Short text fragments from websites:
|---|

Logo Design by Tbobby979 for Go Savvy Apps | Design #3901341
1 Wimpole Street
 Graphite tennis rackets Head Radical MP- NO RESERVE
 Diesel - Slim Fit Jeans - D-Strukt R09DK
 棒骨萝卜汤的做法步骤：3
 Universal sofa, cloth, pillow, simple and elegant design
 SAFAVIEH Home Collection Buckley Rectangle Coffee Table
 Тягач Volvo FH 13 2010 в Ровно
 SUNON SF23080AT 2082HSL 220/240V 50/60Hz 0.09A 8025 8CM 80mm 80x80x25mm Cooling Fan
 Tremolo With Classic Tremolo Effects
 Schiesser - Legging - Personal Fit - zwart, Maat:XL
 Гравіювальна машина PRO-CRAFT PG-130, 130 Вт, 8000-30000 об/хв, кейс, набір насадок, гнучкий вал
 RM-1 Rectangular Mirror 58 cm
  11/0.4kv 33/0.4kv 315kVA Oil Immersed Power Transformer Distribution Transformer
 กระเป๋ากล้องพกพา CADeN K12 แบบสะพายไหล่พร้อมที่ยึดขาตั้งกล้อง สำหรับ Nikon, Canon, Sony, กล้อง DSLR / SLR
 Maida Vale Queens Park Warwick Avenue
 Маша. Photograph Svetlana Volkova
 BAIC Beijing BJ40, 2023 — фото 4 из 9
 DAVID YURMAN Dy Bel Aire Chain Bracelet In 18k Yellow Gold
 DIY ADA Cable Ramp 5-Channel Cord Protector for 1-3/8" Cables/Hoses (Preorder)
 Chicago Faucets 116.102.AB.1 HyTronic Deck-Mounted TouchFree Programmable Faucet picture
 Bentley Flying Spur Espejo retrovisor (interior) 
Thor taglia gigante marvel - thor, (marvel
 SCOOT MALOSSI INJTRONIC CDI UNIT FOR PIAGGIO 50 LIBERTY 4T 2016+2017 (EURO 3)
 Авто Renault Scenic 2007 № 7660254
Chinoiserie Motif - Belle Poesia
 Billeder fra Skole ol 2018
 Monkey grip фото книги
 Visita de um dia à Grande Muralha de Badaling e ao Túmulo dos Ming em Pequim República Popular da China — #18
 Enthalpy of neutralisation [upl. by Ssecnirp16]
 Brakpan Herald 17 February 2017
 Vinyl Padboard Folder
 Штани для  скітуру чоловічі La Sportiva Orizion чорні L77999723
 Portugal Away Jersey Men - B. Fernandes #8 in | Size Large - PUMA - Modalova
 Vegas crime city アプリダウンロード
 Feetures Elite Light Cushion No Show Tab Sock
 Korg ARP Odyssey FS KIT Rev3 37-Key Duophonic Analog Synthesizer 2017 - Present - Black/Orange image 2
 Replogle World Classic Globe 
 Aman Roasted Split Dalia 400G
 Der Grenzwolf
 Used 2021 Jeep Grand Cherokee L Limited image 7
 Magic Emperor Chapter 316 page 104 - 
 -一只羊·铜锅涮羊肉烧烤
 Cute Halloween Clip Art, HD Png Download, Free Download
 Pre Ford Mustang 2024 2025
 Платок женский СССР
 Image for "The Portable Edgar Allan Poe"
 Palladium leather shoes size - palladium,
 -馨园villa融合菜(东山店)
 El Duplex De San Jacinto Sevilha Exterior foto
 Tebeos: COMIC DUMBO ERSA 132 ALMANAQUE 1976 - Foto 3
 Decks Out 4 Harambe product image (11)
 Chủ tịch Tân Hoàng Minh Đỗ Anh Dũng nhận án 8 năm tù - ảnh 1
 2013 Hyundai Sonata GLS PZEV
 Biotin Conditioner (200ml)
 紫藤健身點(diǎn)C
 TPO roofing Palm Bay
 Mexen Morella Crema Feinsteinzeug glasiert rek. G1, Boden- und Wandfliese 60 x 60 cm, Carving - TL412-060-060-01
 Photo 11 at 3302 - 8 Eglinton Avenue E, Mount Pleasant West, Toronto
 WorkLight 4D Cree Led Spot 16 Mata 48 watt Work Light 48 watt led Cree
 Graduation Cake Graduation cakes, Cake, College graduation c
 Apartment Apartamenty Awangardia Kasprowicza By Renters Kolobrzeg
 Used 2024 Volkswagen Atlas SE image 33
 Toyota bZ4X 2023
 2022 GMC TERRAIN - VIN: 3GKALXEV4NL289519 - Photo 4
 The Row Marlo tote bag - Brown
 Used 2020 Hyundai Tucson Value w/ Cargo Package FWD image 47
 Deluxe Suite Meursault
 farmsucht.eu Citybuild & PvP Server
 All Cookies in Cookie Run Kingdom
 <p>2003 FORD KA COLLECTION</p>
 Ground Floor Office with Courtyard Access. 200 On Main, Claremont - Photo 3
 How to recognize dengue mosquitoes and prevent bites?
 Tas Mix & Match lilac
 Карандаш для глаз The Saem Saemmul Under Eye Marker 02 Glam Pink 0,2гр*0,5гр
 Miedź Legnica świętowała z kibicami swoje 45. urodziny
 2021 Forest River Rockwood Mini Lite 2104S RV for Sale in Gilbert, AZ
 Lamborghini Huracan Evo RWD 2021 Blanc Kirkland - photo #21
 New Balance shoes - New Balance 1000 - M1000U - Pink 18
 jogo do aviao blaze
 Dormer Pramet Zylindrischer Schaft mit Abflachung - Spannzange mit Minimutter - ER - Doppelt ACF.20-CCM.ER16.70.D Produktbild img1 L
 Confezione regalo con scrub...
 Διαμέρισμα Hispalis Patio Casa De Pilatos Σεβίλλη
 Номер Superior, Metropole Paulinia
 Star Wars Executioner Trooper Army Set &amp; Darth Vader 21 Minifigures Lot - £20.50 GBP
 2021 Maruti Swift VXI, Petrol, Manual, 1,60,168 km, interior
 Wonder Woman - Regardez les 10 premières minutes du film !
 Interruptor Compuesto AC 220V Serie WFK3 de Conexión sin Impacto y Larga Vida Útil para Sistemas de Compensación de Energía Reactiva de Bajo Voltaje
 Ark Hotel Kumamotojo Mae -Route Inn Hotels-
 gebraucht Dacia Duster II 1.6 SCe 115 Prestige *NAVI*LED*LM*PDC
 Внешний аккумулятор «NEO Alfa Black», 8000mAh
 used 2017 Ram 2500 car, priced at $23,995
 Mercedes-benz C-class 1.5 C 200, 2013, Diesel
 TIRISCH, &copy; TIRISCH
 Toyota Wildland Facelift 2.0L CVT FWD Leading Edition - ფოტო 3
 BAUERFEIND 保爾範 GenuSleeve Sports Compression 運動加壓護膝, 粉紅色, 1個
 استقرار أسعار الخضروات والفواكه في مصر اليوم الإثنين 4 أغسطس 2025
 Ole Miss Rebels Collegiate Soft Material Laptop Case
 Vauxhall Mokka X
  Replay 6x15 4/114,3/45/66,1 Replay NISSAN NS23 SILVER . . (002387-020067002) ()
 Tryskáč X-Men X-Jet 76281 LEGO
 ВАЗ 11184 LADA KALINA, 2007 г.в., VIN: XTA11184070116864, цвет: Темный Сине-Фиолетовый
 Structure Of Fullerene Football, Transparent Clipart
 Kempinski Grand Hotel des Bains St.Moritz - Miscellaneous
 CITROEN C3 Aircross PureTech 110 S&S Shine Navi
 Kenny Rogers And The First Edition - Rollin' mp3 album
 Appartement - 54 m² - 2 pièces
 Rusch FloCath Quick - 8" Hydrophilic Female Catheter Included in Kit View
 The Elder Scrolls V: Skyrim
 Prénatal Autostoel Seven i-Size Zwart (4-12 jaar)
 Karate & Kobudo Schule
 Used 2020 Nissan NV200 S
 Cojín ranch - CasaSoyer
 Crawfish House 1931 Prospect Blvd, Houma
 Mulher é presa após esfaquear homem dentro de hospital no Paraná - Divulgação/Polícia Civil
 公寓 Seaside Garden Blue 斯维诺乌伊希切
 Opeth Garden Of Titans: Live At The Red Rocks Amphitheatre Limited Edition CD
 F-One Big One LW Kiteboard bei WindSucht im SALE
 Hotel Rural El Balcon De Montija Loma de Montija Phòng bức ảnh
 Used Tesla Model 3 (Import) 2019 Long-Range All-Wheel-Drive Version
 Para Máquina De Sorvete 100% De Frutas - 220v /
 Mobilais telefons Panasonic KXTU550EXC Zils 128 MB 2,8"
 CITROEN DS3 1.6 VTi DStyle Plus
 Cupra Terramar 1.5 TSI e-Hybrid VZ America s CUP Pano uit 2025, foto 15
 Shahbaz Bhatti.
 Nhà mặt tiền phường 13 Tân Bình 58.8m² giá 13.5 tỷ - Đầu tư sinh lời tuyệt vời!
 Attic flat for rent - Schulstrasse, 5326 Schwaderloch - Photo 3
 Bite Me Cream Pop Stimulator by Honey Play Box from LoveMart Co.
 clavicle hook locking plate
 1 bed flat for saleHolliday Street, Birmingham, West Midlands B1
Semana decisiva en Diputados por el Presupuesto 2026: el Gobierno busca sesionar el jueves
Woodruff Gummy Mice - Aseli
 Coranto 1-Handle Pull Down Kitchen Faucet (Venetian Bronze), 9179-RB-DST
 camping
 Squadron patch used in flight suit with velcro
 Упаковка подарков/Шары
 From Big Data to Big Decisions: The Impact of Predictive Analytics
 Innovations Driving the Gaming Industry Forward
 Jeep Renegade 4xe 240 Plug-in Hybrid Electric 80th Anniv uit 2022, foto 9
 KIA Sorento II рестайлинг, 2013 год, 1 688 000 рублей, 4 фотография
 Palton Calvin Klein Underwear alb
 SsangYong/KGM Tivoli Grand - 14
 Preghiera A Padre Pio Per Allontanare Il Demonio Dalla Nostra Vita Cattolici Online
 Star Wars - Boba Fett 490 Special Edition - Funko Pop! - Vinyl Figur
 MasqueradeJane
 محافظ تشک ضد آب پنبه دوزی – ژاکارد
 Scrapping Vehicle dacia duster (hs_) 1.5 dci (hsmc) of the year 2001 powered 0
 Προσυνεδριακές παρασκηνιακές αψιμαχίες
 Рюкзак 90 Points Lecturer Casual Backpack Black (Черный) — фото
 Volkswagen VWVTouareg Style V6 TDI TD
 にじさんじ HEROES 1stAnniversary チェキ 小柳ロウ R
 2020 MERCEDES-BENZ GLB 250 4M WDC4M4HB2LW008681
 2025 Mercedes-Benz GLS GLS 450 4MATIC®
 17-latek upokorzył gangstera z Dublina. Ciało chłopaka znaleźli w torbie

|---|

Retype only the stretch of lines above starting at the one with "Chinoiserie Motif - Belle Poesia" and stopping at the one with "Replogle World Classic Globe", exactly as written, with both kept.

Chinoiserie Motif - Belle Poesia
 Billeder fra Skole ol 2018
 Monkey grip фото книги
 Visita de um dia à Grande Muralha de Badaling e ao Túmulo dos Ming em Pequim República Popular da China — #18
 Enthalpy of neutralisation [upl. by Ssecnirp16]
 Brakpan Herald 17 February 2017
 Vinyl Padboard Folder
 Штани для  скітуру чоловічі La Sportiva Orizion чорні L77999723
 Portugal Away Jersey Men - B. Fernandes #8 in | Size Large - PUMA - Modalova
 Vegas crime city アプリダウンロード
 Feetures Elite Light Cushion No Show Tab Sock
 Korg ARP Odyssey FS KIT Rev3 37-Key Duophonic Analog Synthesizer 2017 - Present - Black/Orange image 2
 Replogle World Classic Globe 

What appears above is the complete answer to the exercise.